Questa ermeneutica, applicata al diritto canonico, chiede di «studiare con onestà e dedizione la tradizione giuridica della Chiesa per potersi identificare con essa e anche con le disposizioni legali emanate dai Pastori, specialmente le leggi pontificie nonché il magistero su questioni canoniche, il quale è di per sé vincolante in ciò che insegna sul diritto» - un principio, naturalmente, che non vale solo in tema giuridico. Le riflessioni proposte dal Papa si applicano a tutto gli ambiti del diritto, ma per i canonisti «acquistano una peculiare rilevanza nell'ambito delle leggi riguardanti l’atto costitutivo del matrimonio e la sua consumazione e la ricezione dell’Ordine sacro, e di quelle attinenti ai rispettivi processi.
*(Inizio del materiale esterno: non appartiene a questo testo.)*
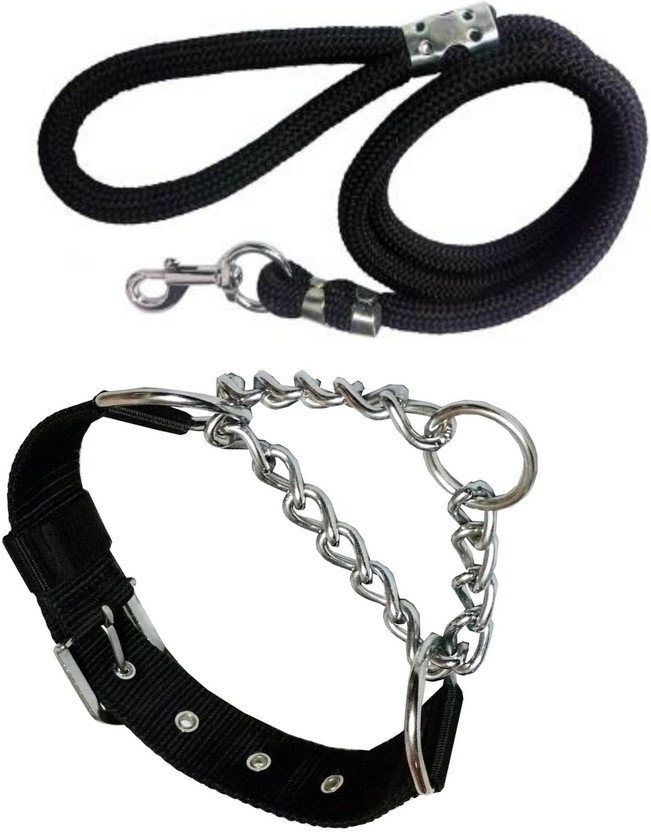 BODY BUILDING Good Quality Nylon Dog Belt Combo of Black Choke Collar with Black Lead 1.5m Lengthy Dog Collar & Leash(Medium, Multi-color 4)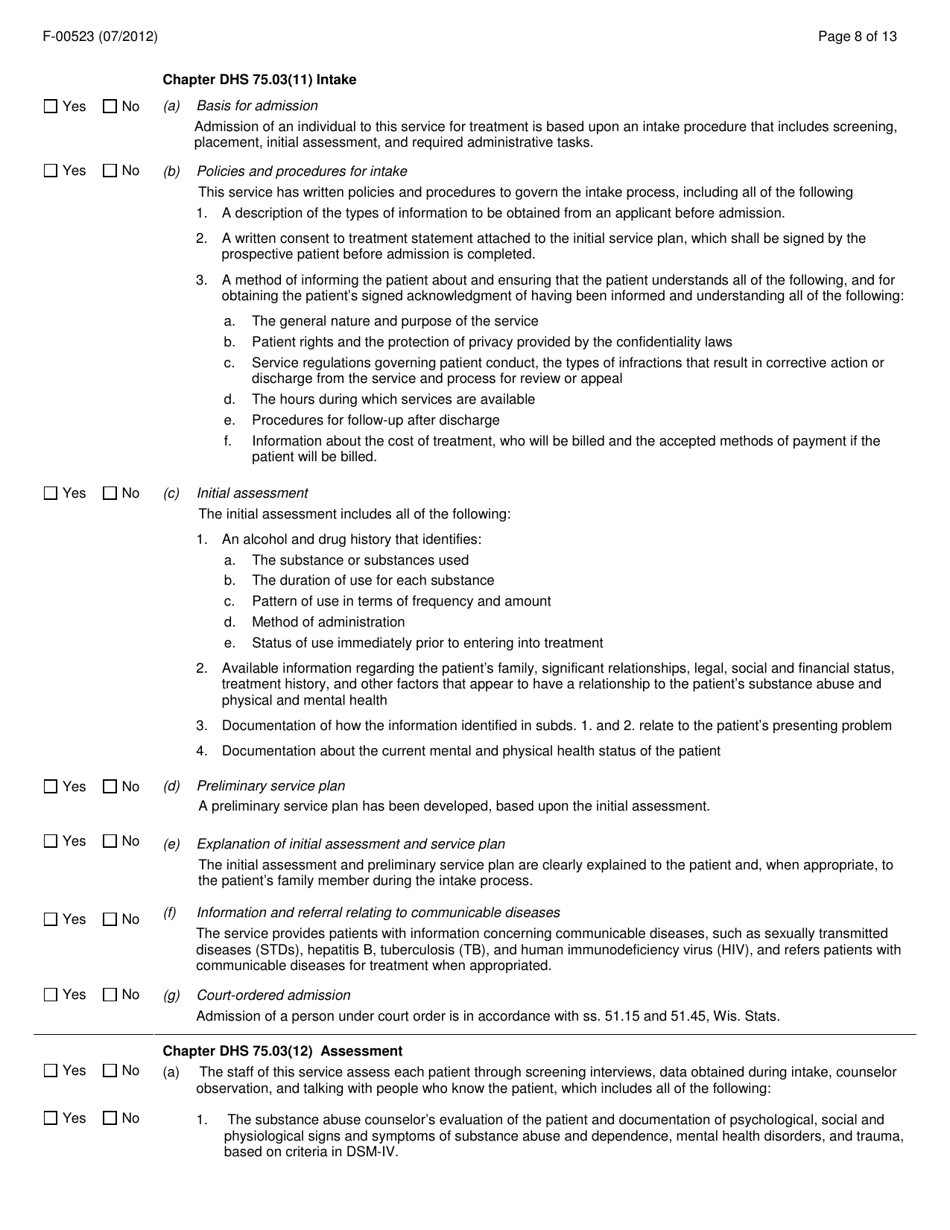 Form F-00523 Community Substance Abuse Service (Csas) General Requirements Initial Certification Application - Wisconsin, Page 8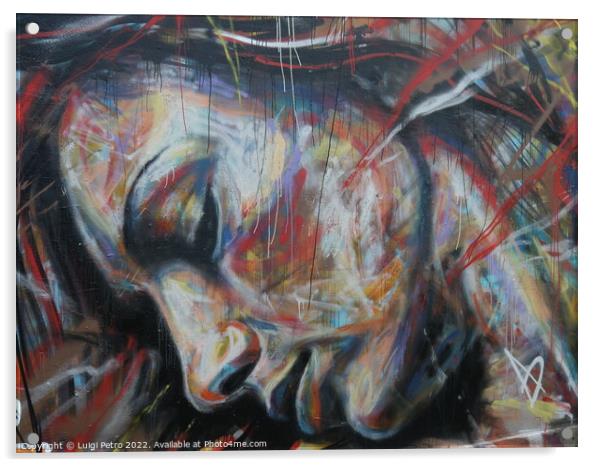 Graffiti depicting a female face Acrylic by Luigi Petro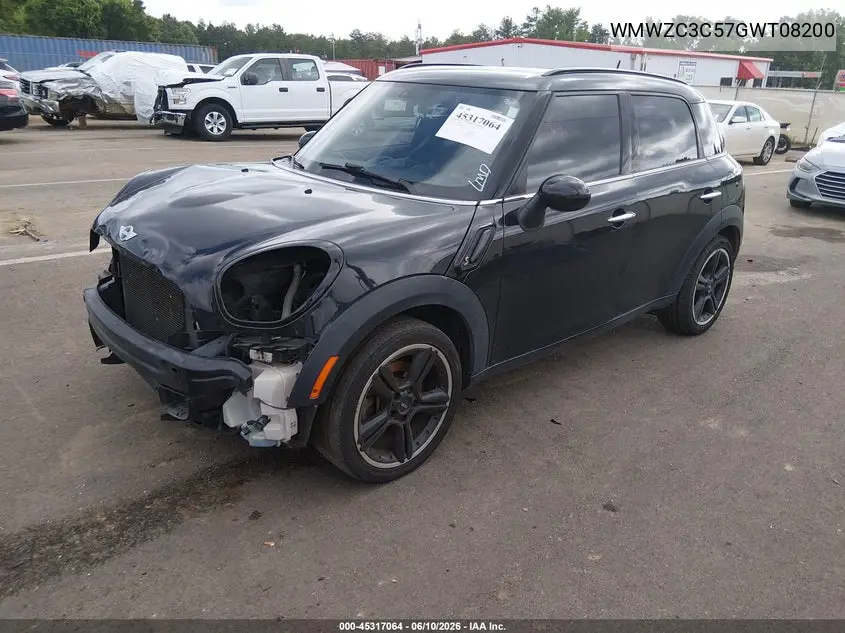 2016 Mini Countryman Cooper S VIN: WMWZC3C57GWT08200 Lot: 45317064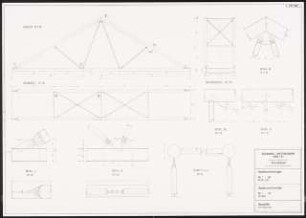 Brücke Schinkelwettbewerb 1991: Stahlfachwerkträger: Details, Ansichten, Schnitte 1:10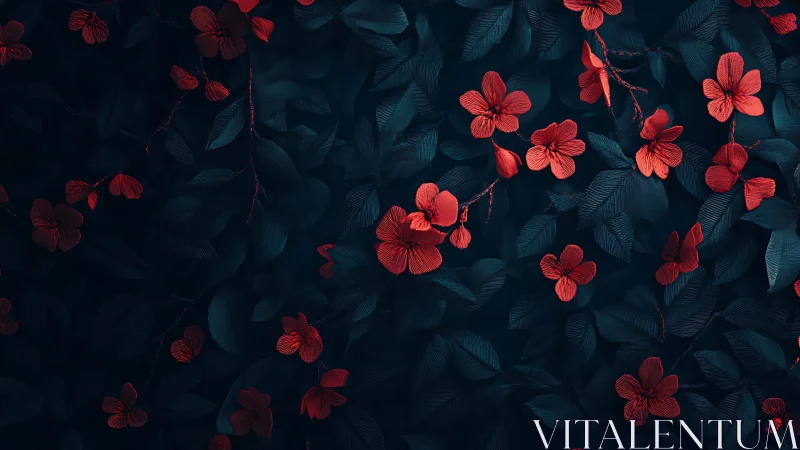 Red Flowers Glow Against Deep Teal Foliage.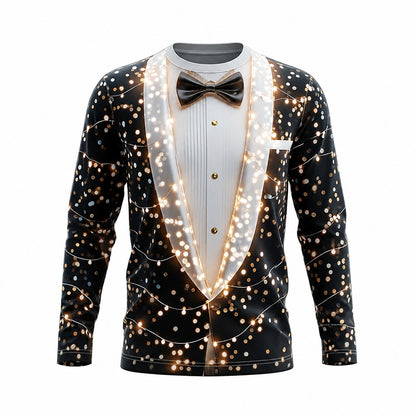 Men's Modern Black Christmas Tuxedo Tee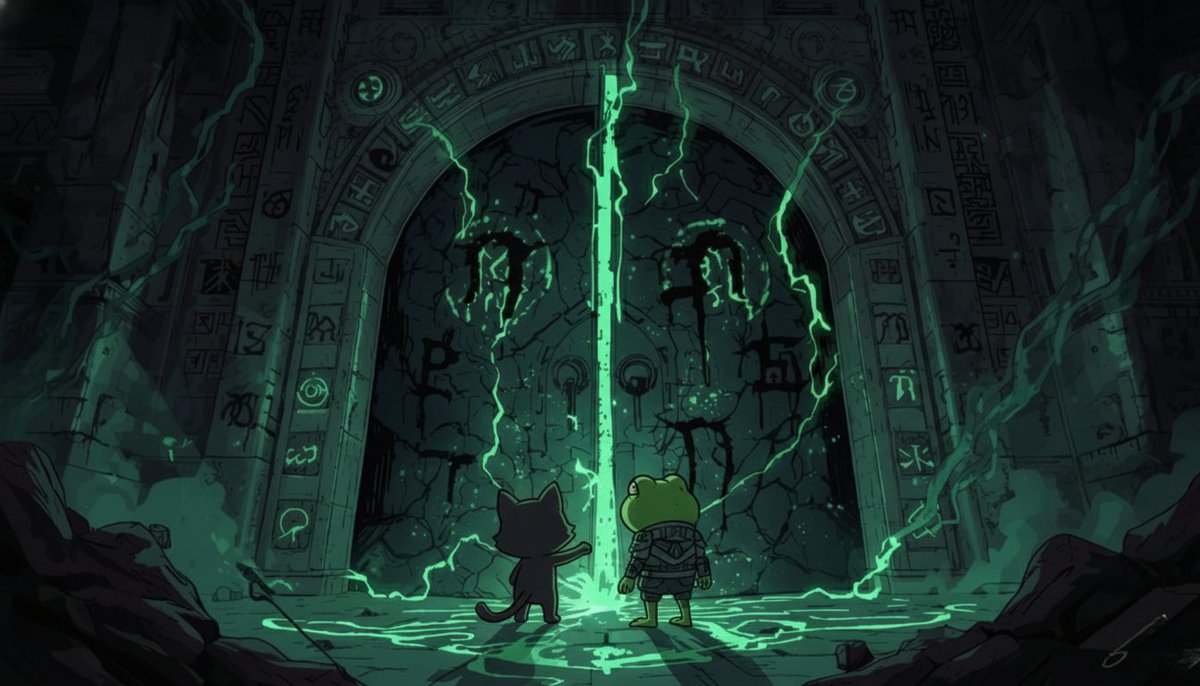 Increaseag90's tweet photo. Day 3 - The Door That Should Not Be Opened @ritualfnd @ritualnet 

Some doors are sealed to imprison what lies within.
As Siggy and Pepe stand before it, the runes ignite.
Reality fractures.
 Once this door opens, there is no way back. https://t.co/zsUkMWbxPY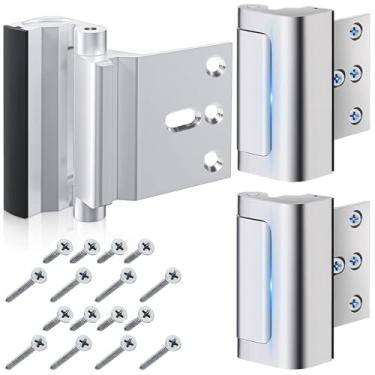 Imagem de Pacote com 3 travas de reforço de porta de segurança doméstica, suporta 362 kg para porta giratória interna com 8 parafusos para evitar entrada não autorizada, fechaduras à prova de crianças para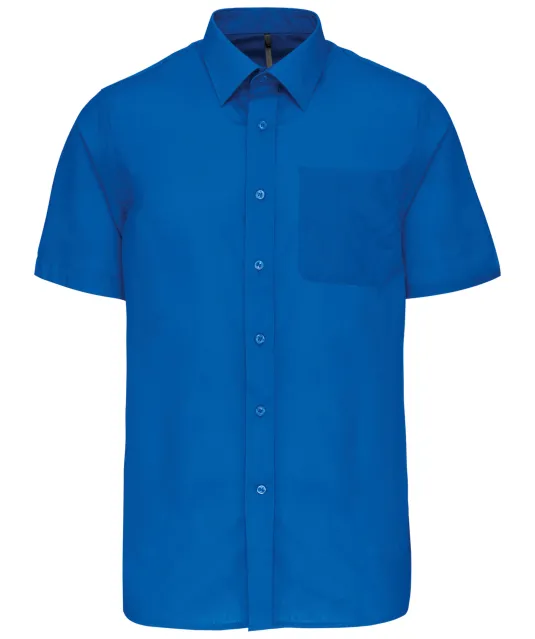 K551 - Overhemd in onderhoudsvriendelijk polykatoen-popeline korte mouwen heren Light Royal Blue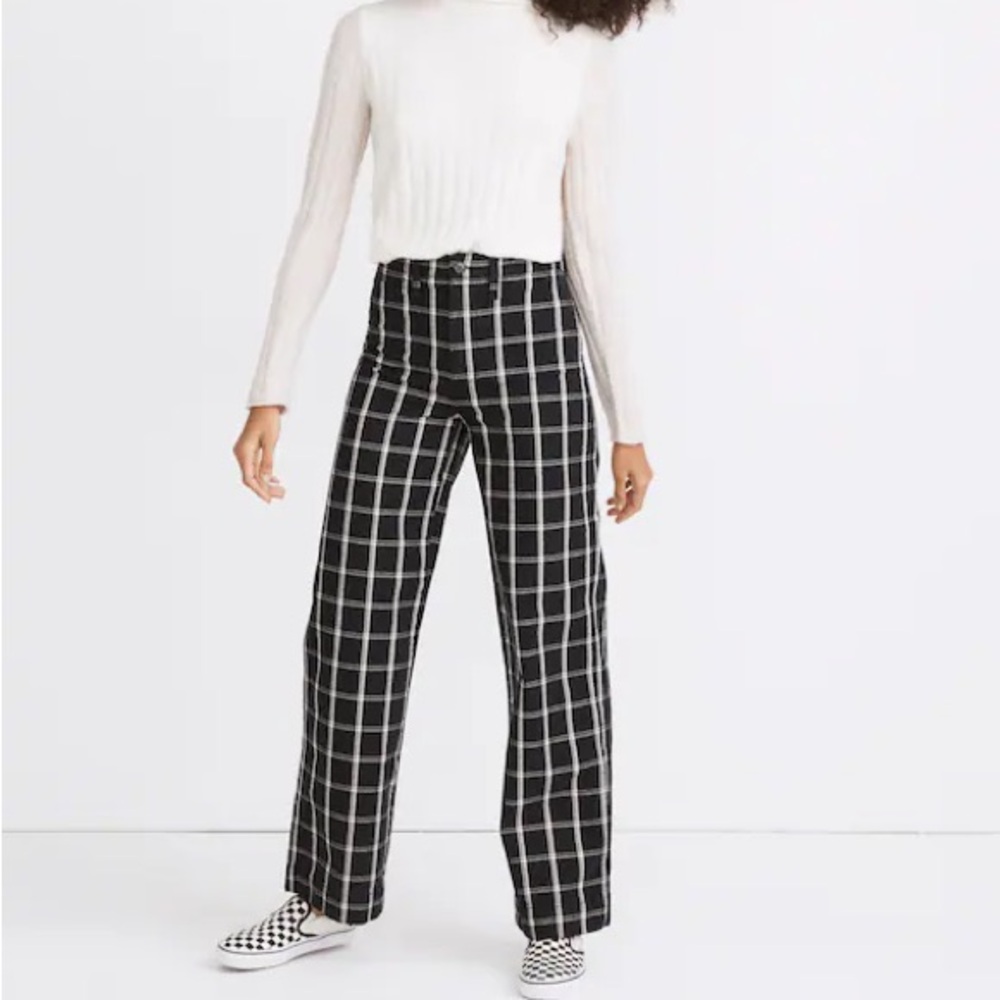 Madewell - Slim Emmett Wide-Leg Full Length Pants - Windowpane Black/White check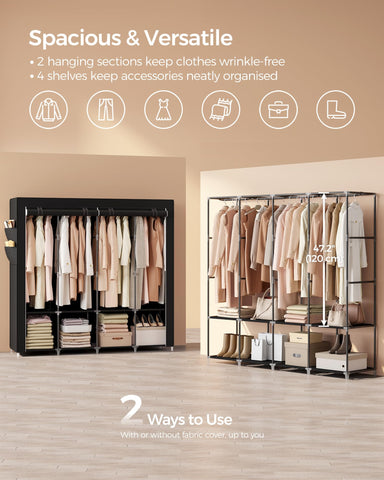 SONGMICS shelf close-up with shoes showing organized storage benefit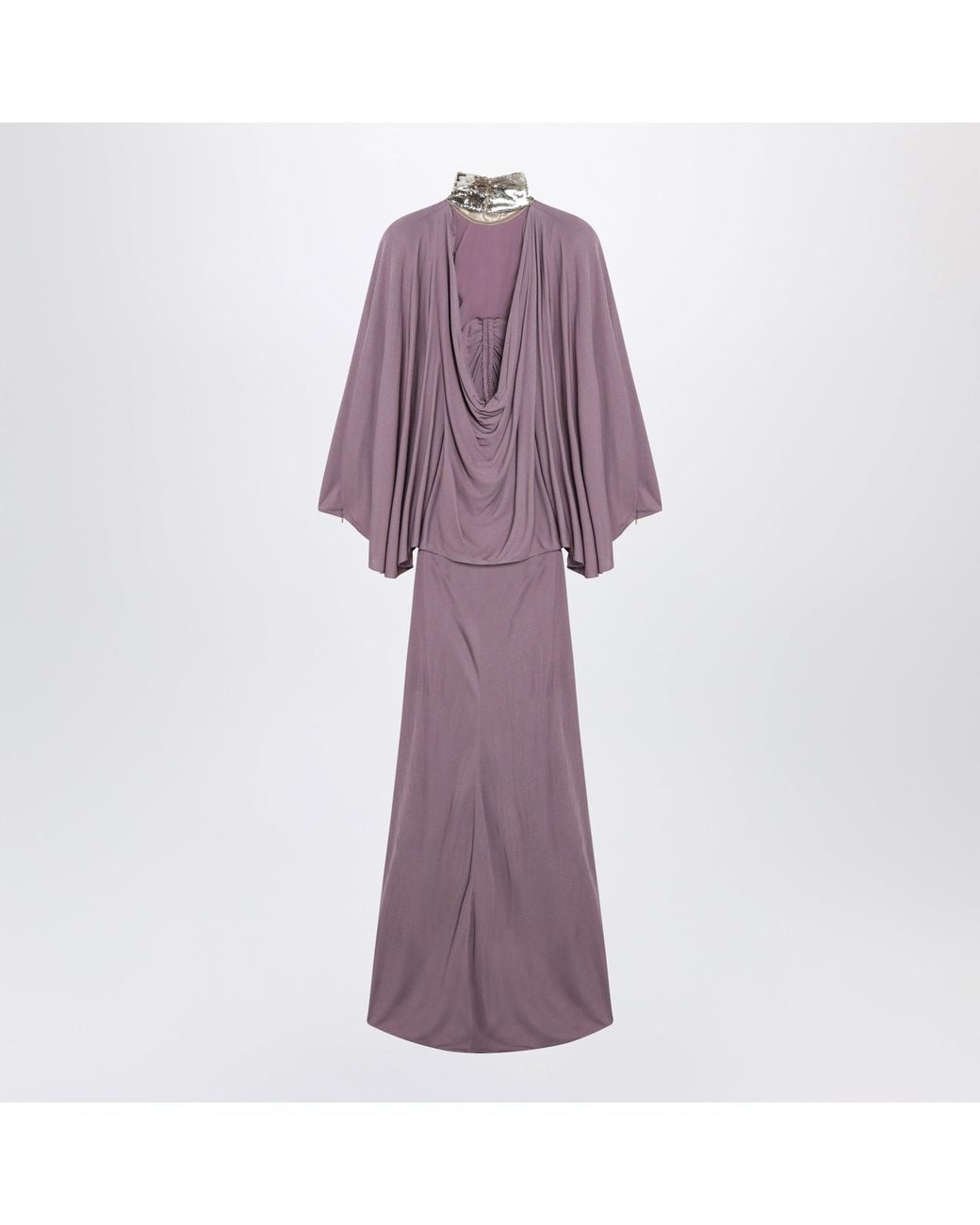 Valentino Purple Mauve Draped Long Dress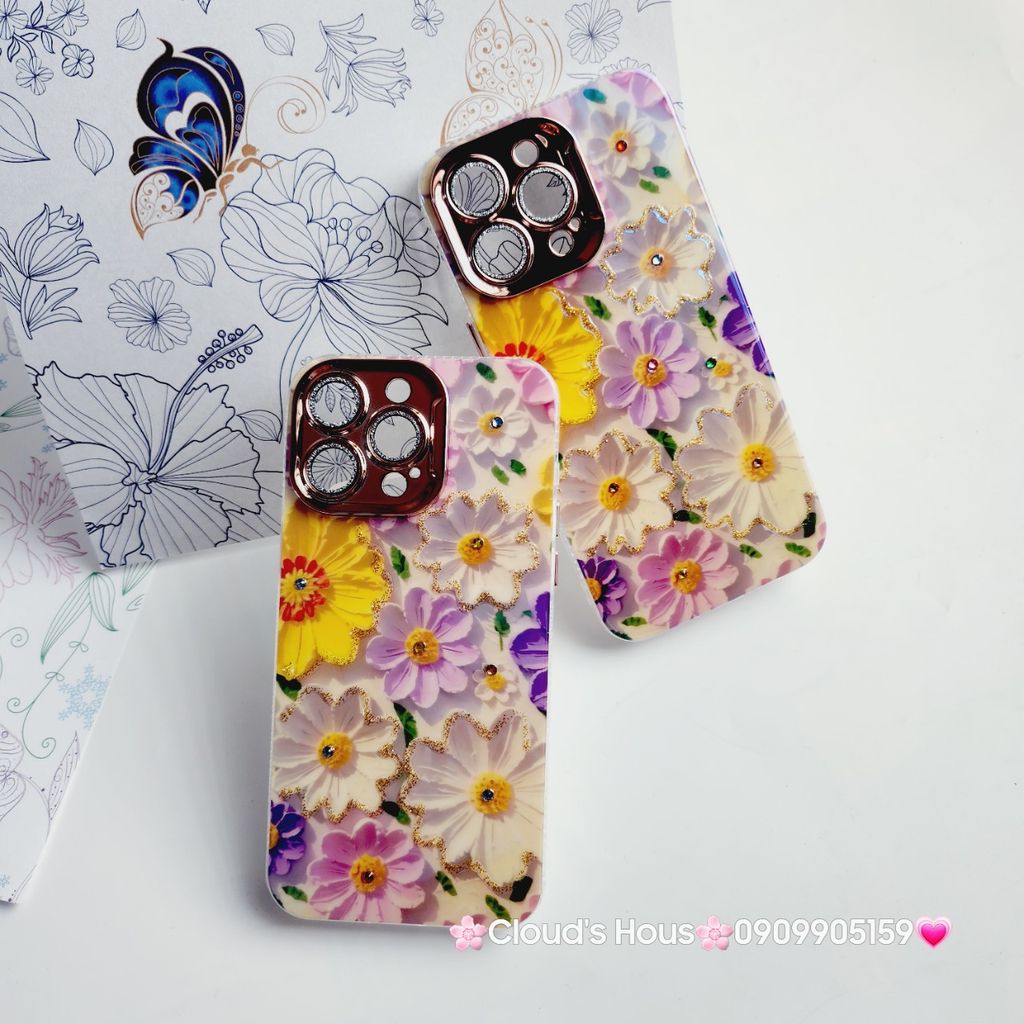 Case Ốp điện thoại iPhone Hoa Hologram nền trắng hoa ngũ sắc viền nhám bảo vệ cụm camera đính đá iPhone 11/12/13/14/15/Pro/Promax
Qui la sintonia con il vero senso della legge della Chiesa diventa una questione di ampia e profonda incidenza pratica nella vita delle persone e delle comunità e richiede una speciale attenzione».
Qui, in particolare - soprattutto quanto all'annullamento dei matrimoni - il positivismo giuridico inutilmente lettera lista e rigorista e il buonismo che si ammanta di falsa misericordia hanno fatto gravi danni. Su questi temi, ha detto il Papa, occorre rileggere il Magistero ordinario - compresi i numerosi discorsi dello stesso Benedetto XVI in tema di nullità dei matrimoni - e seguirlo fedelmente. Si dovrà dunque «procedere con un senso di vera riverenza nei riguardi della verità sul diritto, cercando di praticare esemplarmente, nell’applicazione degli istituti giudiziali e amministrativi, la comunione nella disciplina, quale aspetto essenziale dell'unità della Chiesa».